Wird dieser Krieg den Weg für die Befreiung des Iran aus den Fängen der Islamischen Republik ebnen? Oder nur weitere Wunden im Heimatland hinterlassen? Wird der Konflikt eine neue Welle iranischer Flüchtlinge nach Deutschland auslösen? Oder werden die im Exil lebenden Iraner und Asylsuchenden in ihre Heimat zurückkehren, wenn die Islamische Republik zusammenbricht?

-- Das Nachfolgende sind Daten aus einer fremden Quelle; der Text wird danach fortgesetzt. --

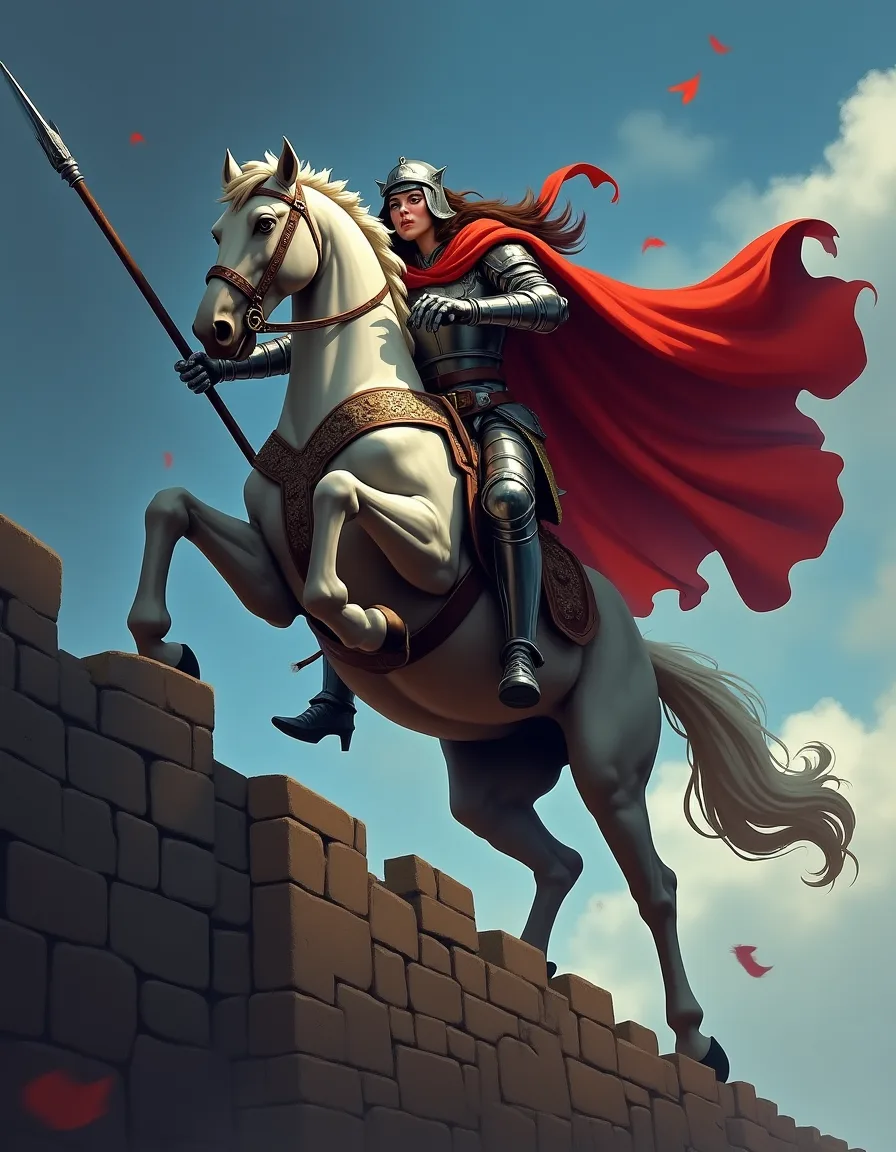 The illustration on Sky Lancer, a uncommon unit in Arcana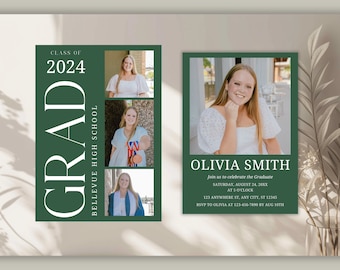 Graduation Party Invitation, Graduation Announcement Invitation, High School Graduation, Modern Minimalist Invitation Template Download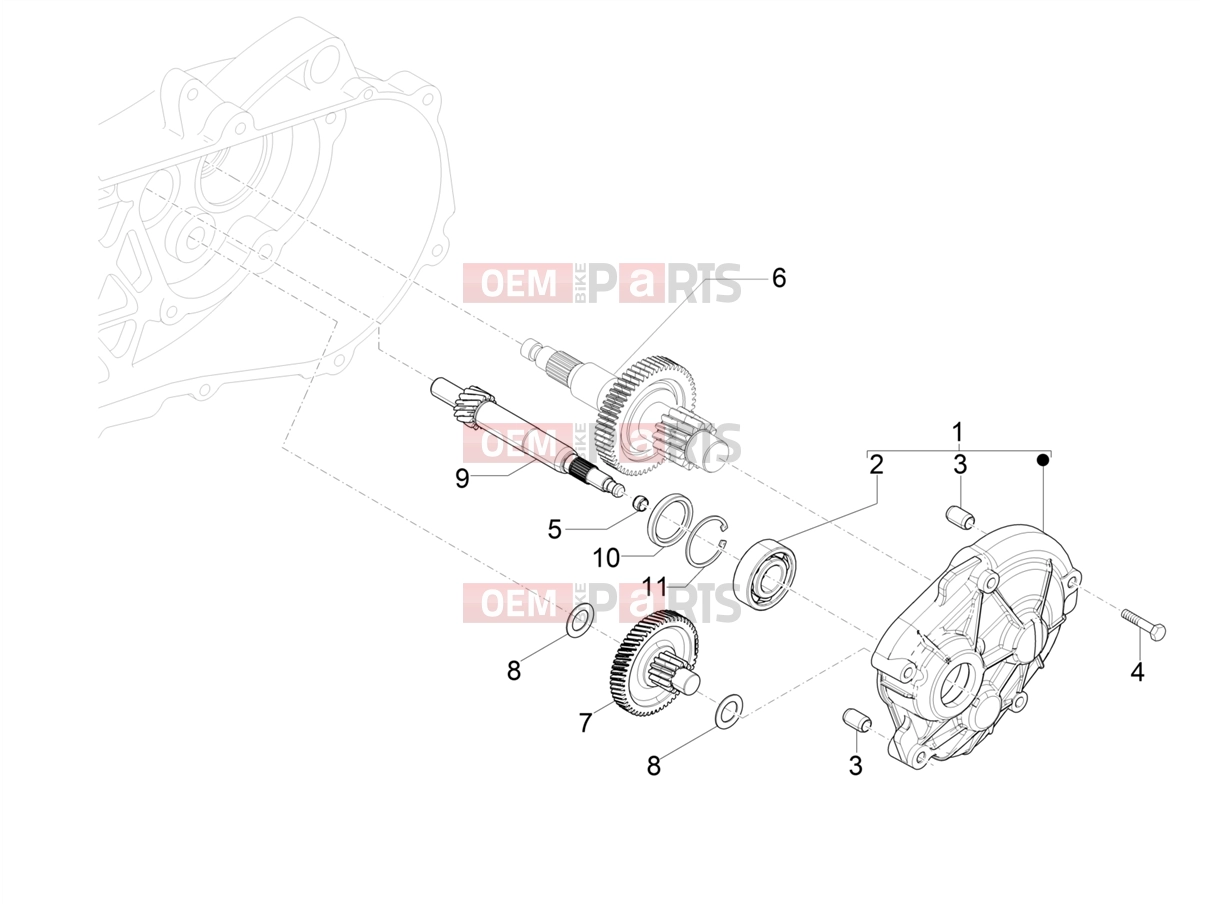 Engine » Reduction unit - Piaggio Zip 100 4T 2006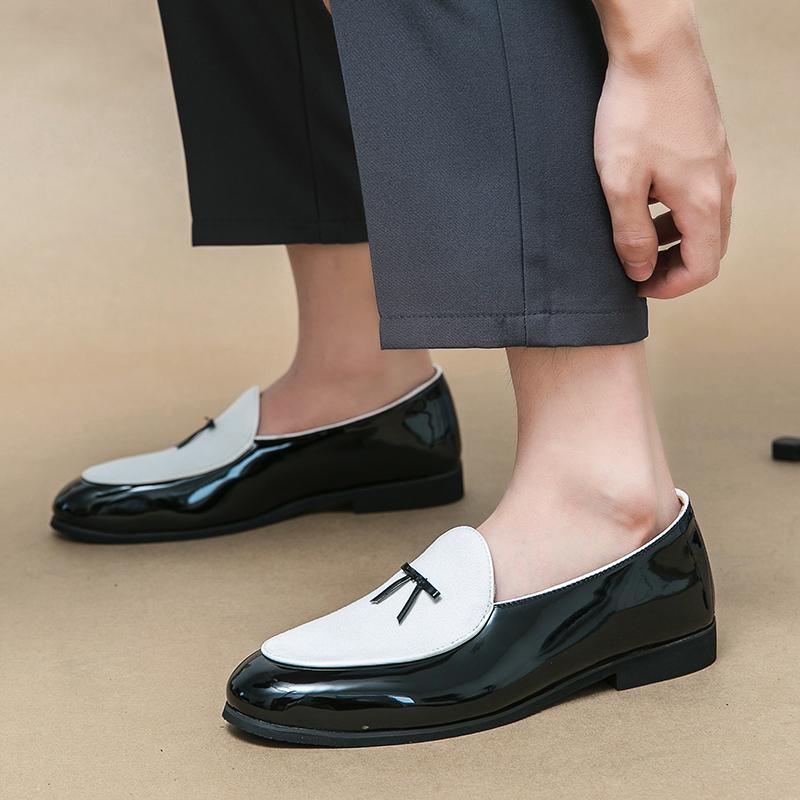 Übergröße Herren Leder Hochzeitsparty Schuhe mit Schleife Modetrends Fahrschuhe Leichtgewichtige Lässige Flache Slipper mit flachem Ausschnitt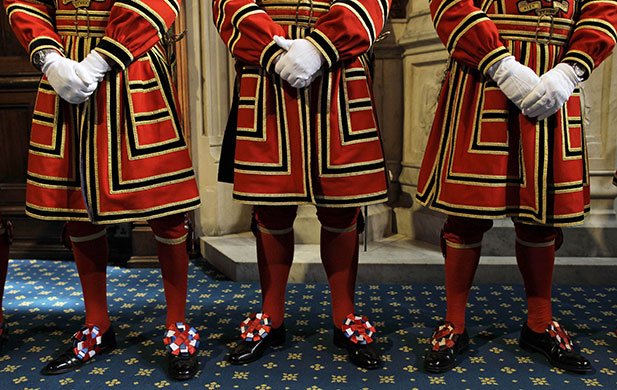 state opening: The Yeomen of the Guard line up inside the Palace of Westminster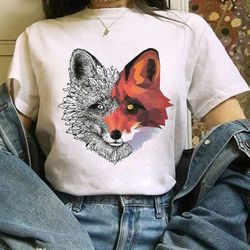 fox cartoon print t-shirt women harajuku casual 24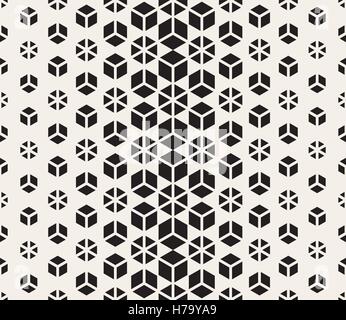 Seamless Vector Triangle noir et blanc grille hexagonale modèle de gradient de demi-teinte Illustration de Vecteur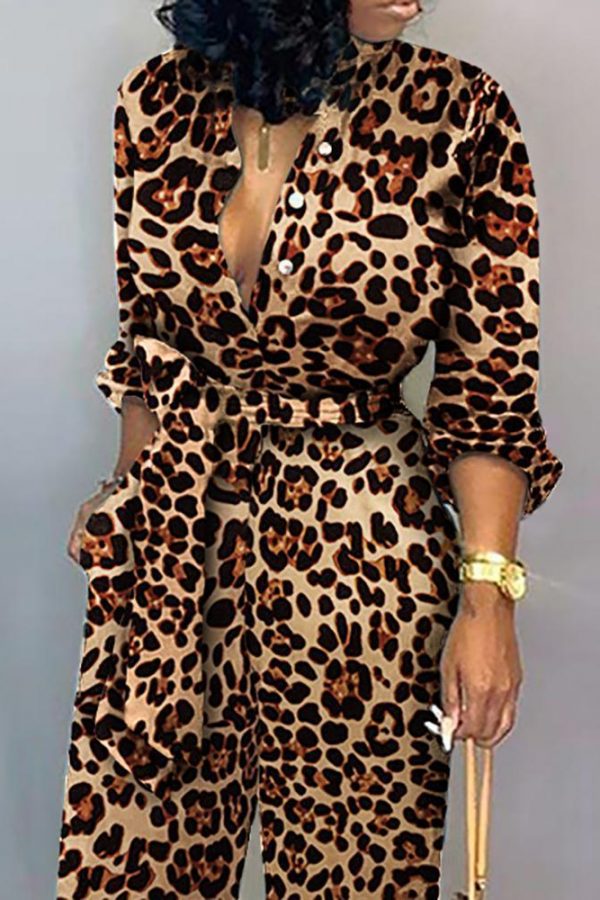 Leopard Print Long Sleeve Women Jumpsuit Sashes Tied Waist Wide Leg Rompers Womens Jumpsuit Casual Loose V Neck Long Overalls - Takalr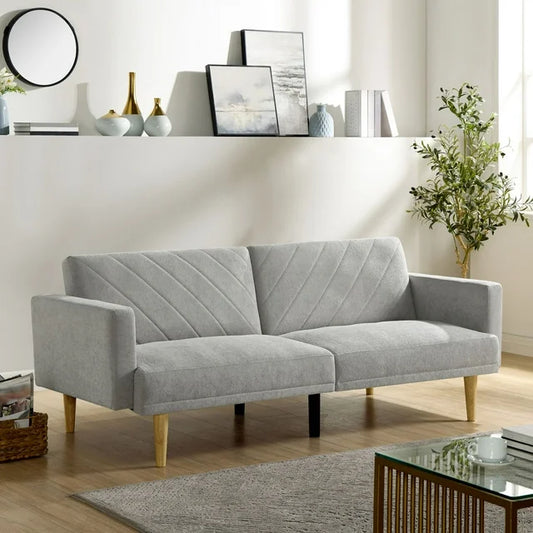 IMKHK Convertible Sleeper Sofa Bed, Modern Velvet Fabric Futon Sofa Bed with Tapered Wood Legs for Small Space, Multi-Functional Upholstered Sofa Couch with Adjustable Backrest for Living Room, Gray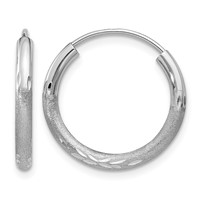 14K White Gold 2x 14mm Satin Diamond-cut Endless Tube Hoop Earrings view 1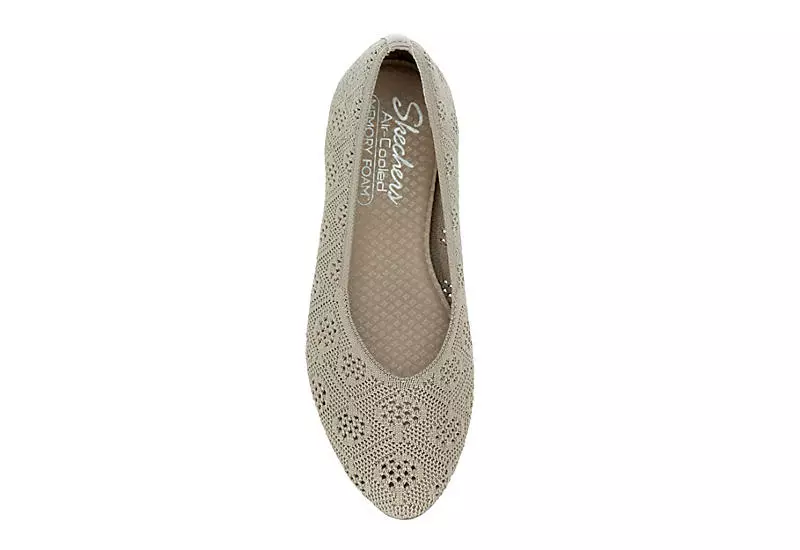 Skechers Womens Cleo 2.0 Knitty Witty Flat - Taupe 8 Skechers Womens Cleo 2.0 Knitty Witty Flat - Taupe - Image 6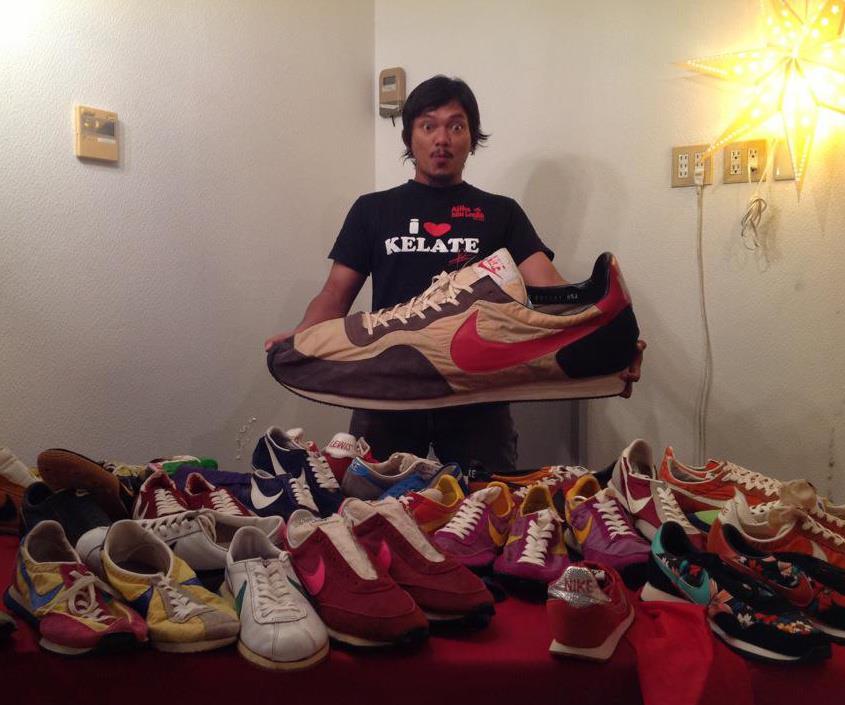 Hatu Guni with his shoe collection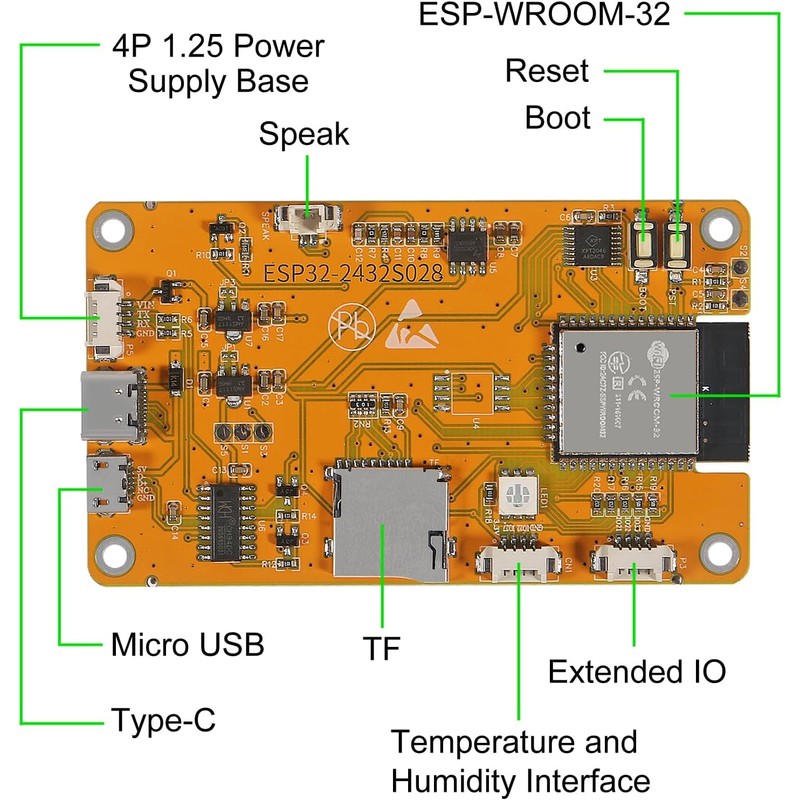 4pcs ESP32 LVGL WiFi & Bluetooth Development Board 2.4 inch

Obwohl die aktuelle Krise im Iran noch zu frisch ist, um sich auf die europäische Asylpolitik auszuwirken, erfordert sie bereits langfristige Überlegungen. Bislang hat noch keine groß angelegte Fluchtbewegung im Iran begonnen, aber die wenigen, die versucht haben zu fliehen, sind größtenteils gescheitert.

Der iranische Luftraum bleibt geschlossen, und alles deutet darauf hin: Die Flucht vor diesem Krieg wird nicht einfach sein. Zwar hat das Land fast 9.000 Kilometer Grenze, aber die Türkei hat ihre Landgrenzen stark befestigt, die östlichen Nachbarn – Afghanistan und Pakistan – bieten keine sichere Passage, und die südlichen Golfstaaten verlangen Visa.

Vom Leben ausgeschlossen

„Ich hoffe, dass dieser Krieg die Islamische Republik zu Fall bringt – denn wenn die Bedrohungen im Iran beseitigt sind, möchte ich zurückkehren. Bis dahin bin ich an deutsches Recht gebunden“, sagt Alborz Zahedi, ein im Exil in Berlin lebender Iraner (Foto oben: Zahedi im Gespräch mit der Autorin).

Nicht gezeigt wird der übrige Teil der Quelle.